Tuesday, June 24, 2008

The Anglican Communion's Moment of Truth

One way to get a sense of what the Global Anglican Future Conference (GAFCON) is about and of what is wrong with the Anglican Communion is to read Archbishop Peter Akinola's opening address to the conference. Now taking place in Jerusalem, GAFCON is being attended by about one thousand Anglicans from all over the world, including about three hundred bishops representing some two-thirds of the eighty million member Anglican Communion. Archbishop Akinola puts his finger directly on a fact that many American and Canadian bishops seem determined to ignore: Anglicanism is slipping into theological incoherence and this is tearing away at the fabric of the Communion because the Communion no longer possesses a common faith. Akinola argues, convincingly, that the Archbishop of Canterbury seems to be in denial as well. If the Anglican Communion is simply an umbrella covering what are really radically different understandings of the Christian faith, can it really last much longer? Should it really last much longer?
As Akinola notes, the force which pushed the Communion into open chaos was the decision of the 2003 General Convention of the Episcopal Church to grant consent to the consecration to the episcopate of a divorced man living in a sexual relationship with another man and to authorize American dioceses to "experience and explore" rites for the blessing of same gender unions. These actions were taken despite pleas from all over the Communion and despite the resolution of the 1998 Lambeth Conference that the Church had no authority to do either of these things. The Anglican Church of Canada soon took similar actions.

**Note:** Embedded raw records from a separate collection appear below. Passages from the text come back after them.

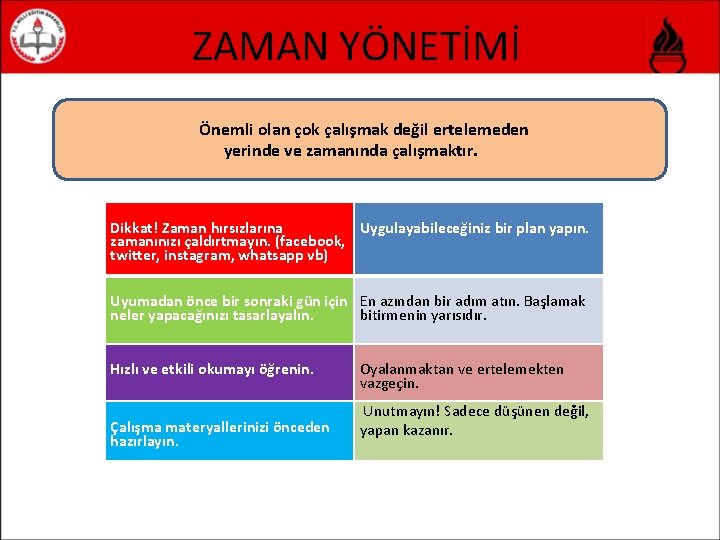 ZAMAN YÖNETİMİ Önemli olan çok çalışmak değil ertelemeden yerinde ve zamanında çalışmaktır. Dikkat! Zaman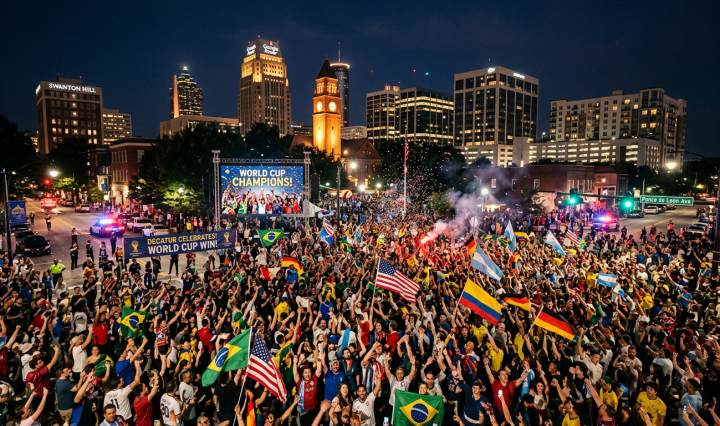 Crowd celebrating World Cup win in downtown Decatur with flags and banners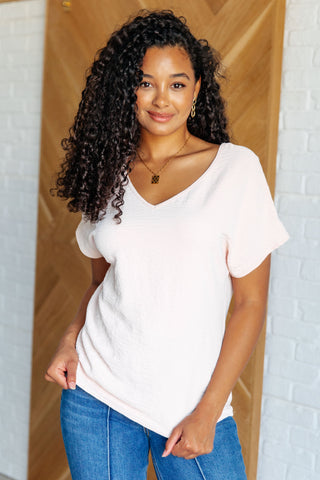 One Eleven North Frequently Asked Questions V-Neck Top in Blush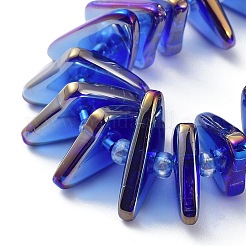 電気メッキ透明ガラスビーズ連売り  虹メッキ  三角形  ブルー  9x15.5~16mm  穴：1mm  約120個/連  24.57~25.67''（62.4~65.2センチメートル）&nbsp;EGLA-R114-01D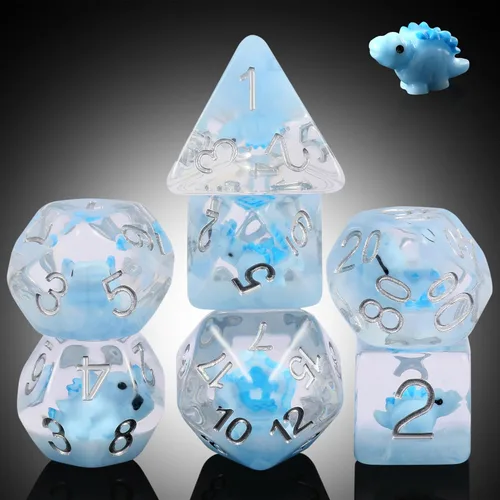Miniatura 32 de Juego de dados de conejo DND, DNDND 7 dados poliédricos de resina con bolsa de terciopelo para juegos de rol D&D Dungeons and Dragons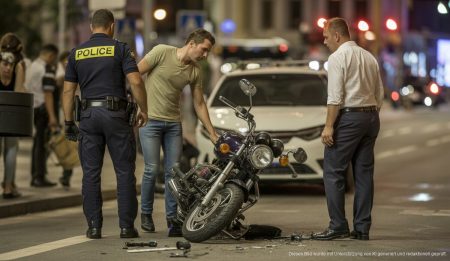 Motorradunfall in Palma: Fahrer prallte gegen Laterne Motorradunfall in Palma de Mallorca mit beschädigtem Fahrzeug und Polizei bei Nacht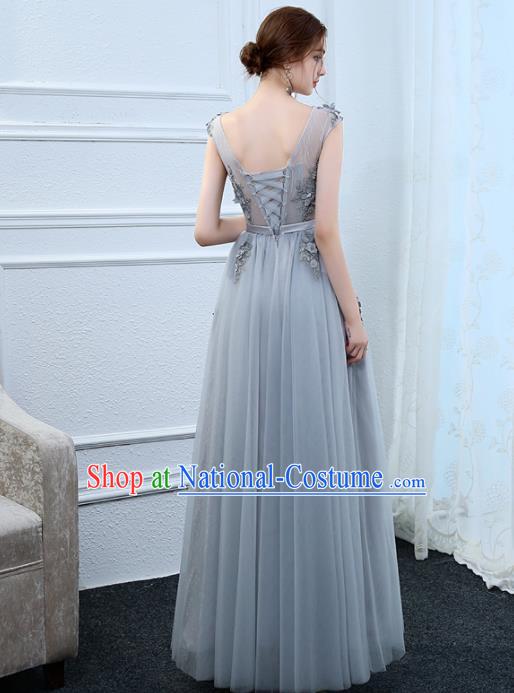 Top Grade Stage Performance Compere Formal Dress Chorus Elegant Grey Veil Full Dress for Women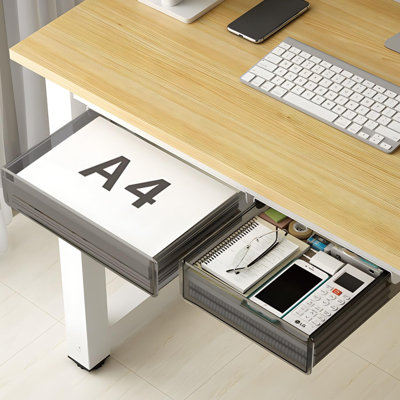 2 Pack Large  Medium Slide Out Under Desk Hidden Storage Drawer Organizer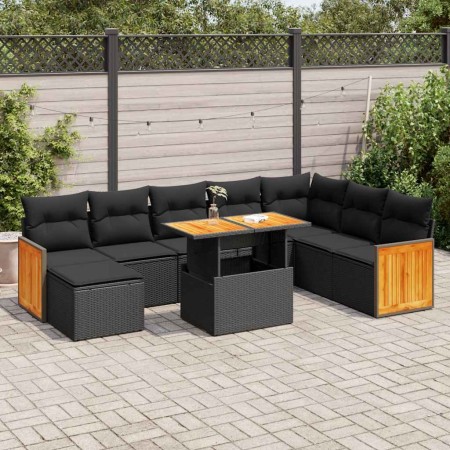 Set sofás jardín y cojines 7 pzas ratán sintético acacia negro de , Conjuntos de jardín - Ref: Foro24-3327744, Precio: 586,57...
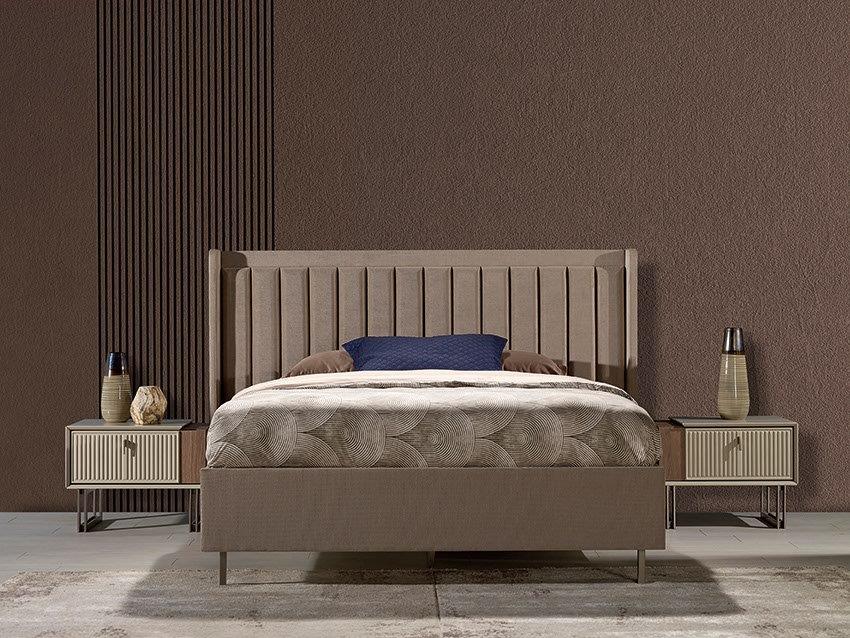 Modern Valente bedroom furniture set by Netline Home Interior with a stylish bed, nightstand, and wardrobe in a cozy room setting.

Since 2003 attempts have been made to deal with the communion breaking actions of the American and Canadian provinces with these provinces insisting that they want to remain part of the Communion but not wanting it to mean very much. In October, 2003 there was an emergency meeting of the primates at Lambeth Palace which issued a communique which declared that no province has the unilateral authority to decide matters which affect the life of the whole Communion. In 2005 the primates met at Dromatine (Northern Ireland) for the purpose of hearing from the American and Canadian provinces a theological rationale for their actions. (Note that the Americans and the Canadians acted first and then thought about it theologically only after the fact.) The issue was taken up again at the primates' meeting in 2007 in Tanzania and the Episcopal Church's House of Bishops was asked to clarify its position. Now, five years on, it seems that neither the Episcopal Church nor the Anglican Church of Canada actually intend to take the discipline of the Communion seriously and to change their courses. They have, in effect, declared that they are members of the Anglican Commnuion but retain the freedom to believe and act as they see fit. This explains the enormous frustration of Anglican leaders such as Akinola who says that "we have found ourselves in a world in which Anglican leaders hold on to a form of religion but consistently deny its power." The deep division in the Communion can be seen in the fact that while many American and Canadian bishops see the matter at hand as simply involving sexual ethics, Akinola and the organizers of GAFCON see it as being much broader and deeper: "Our beloved Anglican Communion must be rescued from the manipulation of those who have denied the gospel and its power to transform and to save".
Anglicanism has come to a moment of truth. The real question that needs to be asked and answered is this: Is the Anglican Communion really a communion and does it really mean anything? On the American and Canadian accounts of things, the Anglican Communion is really a loose federation of denominations which share a common heritage and cooperate on occasional projects but it can not be said to be a communion in any meaningful sense. While Anglicanism has presented itself and thought of itself as a "branch of the catholic Church," on the American and Canadian accounts of things this can not be the case. The American and Canadian provinces are now but hollowed out shells of a church, largely devoid of theological substance and in steep numerical decline. Strangely, these two provinces seem miffed that the rest of the Communion's provinces do not want to follow their lead.
GAFCON really, as Akinola put it, a "rescue mission". The Communion needs to be rescued not from homosexuality but from something far worse, from becoming an empty ecclesiastical shell, a "communion" which can only maintain its unity by agreeing to check all substantial Christian belief at the door. Put another way, the only way to make the American and Canadian provinces happy is to admit that Anglicanism really means nothing at all. Some thirty years ago, Stephen Sykes, who taught theology at Cambridge and served as Bishop of Ely, warned us about all this in his small but important book The Integrity of Anglicanism. There Sykes noted "The integrity of the communion is in question, because it appears to be offering the propositions of the Christian gospel as topics for debate and discussion, rather than to be witnessing to the mighty act of God in Christ." The time for going on and on about how wonderful and beautiful Anglicanism is and how it has charted a "middle way" is now over. The choice now is between void and a Church in visible continuity with the catholic Church.